The vMatrix

Matrix Human The vMatrix Matrix Server
Amr A. Awadallah - Mendel Rosenblum
aaa@cs.stanford.edu - mendel@cs.stanford.edu
Computer Systems Lab - EE Department - Stanford University

PhD Orals and Thesis:

Publications:

Presentations:

Funny Matrix Videos (I use some of these after the talks to end with a good laugh):

Introduction:

Internet/Web systems have inherent difficulties with standardization of scalability, interactivity, availability and efficiency. Many internet infrastructure solutions have been proposed to address these problems, however, these solutions involve significant changes to the existing legacy system architectures and administration methodologies leading to extremely high switching costs. We make the observation that Virtual Machine Monitors (VMMs) can be used to address these problems. VMMs were introduced in the 1970s by IBM to arbitrate access between a number of OSes to expensive mainframes. VMMs died in the 1980s as the PC became main stream, but they were resurrected recently for portability, compatibility, and isolation reasons.

Hypothesis:

It is the goal of this work to show that it is possible to encapsulate legacy Internet services via VMMs, to achieve a standardized solution for improving the scalability, interactivity, availability, and efficiency of web services without requiring cost prohibitive changes to existing system architectures.

The vMatrix:

The name The vMatrix comes from the analogy to the popular sci-fi movie The Matrix.
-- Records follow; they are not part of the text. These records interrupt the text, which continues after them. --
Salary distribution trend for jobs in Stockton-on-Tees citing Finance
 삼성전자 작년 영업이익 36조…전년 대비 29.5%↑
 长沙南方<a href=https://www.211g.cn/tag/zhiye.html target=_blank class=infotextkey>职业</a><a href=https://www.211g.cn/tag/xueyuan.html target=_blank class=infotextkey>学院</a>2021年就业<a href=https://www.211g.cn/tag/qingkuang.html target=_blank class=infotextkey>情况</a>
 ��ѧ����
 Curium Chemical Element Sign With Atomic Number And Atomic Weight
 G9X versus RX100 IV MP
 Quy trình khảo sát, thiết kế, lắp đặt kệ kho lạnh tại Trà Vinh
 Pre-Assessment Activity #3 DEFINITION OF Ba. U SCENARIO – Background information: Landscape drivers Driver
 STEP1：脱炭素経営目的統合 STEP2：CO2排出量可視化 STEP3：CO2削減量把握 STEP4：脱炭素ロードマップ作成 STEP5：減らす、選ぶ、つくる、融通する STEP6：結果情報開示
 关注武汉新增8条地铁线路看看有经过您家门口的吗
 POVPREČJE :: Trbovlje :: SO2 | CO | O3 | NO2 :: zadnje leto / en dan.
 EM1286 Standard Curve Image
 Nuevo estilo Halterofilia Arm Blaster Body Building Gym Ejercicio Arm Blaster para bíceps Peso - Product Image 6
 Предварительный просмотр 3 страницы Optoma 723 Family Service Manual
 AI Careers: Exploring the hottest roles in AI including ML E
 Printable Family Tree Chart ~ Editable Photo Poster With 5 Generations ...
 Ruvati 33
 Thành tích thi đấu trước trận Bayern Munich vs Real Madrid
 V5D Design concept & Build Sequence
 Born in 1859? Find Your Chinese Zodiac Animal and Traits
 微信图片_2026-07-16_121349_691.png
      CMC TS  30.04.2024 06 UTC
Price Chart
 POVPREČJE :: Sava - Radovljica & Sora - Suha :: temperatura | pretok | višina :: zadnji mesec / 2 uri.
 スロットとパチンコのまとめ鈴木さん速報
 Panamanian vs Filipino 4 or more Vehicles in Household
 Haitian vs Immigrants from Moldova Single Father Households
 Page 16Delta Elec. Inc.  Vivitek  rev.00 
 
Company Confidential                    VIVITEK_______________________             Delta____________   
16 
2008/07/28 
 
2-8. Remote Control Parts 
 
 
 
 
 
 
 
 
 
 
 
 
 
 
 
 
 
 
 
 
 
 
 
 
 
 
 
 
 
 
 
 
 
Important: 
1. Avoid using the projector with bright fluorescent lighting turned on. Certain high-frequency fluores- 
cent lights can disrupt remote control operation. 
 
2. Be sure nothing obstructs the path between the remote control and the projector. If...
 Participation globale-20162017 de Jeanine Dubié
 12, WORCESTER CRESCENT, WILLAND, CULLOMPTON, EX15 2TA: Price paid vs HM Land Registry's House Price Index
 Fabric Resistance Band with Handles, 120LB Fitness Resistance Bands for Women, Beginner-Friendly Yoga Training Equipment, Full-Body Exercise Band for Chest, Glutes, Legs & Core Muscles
In the movie, machines controlled humans by virtualizing all their external senses; we propose doing the same back to the machines! It is a virtual matrix of real machine hosts running VMM software, these hosts are ready to be possessed by guest VMs (ghosts) encapsulating internet services. The Internet service owner gets a map of the world were he/she can see all locations with available real servers then adjust a knob to increase the number of instances of any internet service at any location with a demand hot spot.

Definitions:

Practical Applications:

Initial Classification of Internet Architectures

Related Links


(Last Updated 6/20/07 by Amr A. Awadallah)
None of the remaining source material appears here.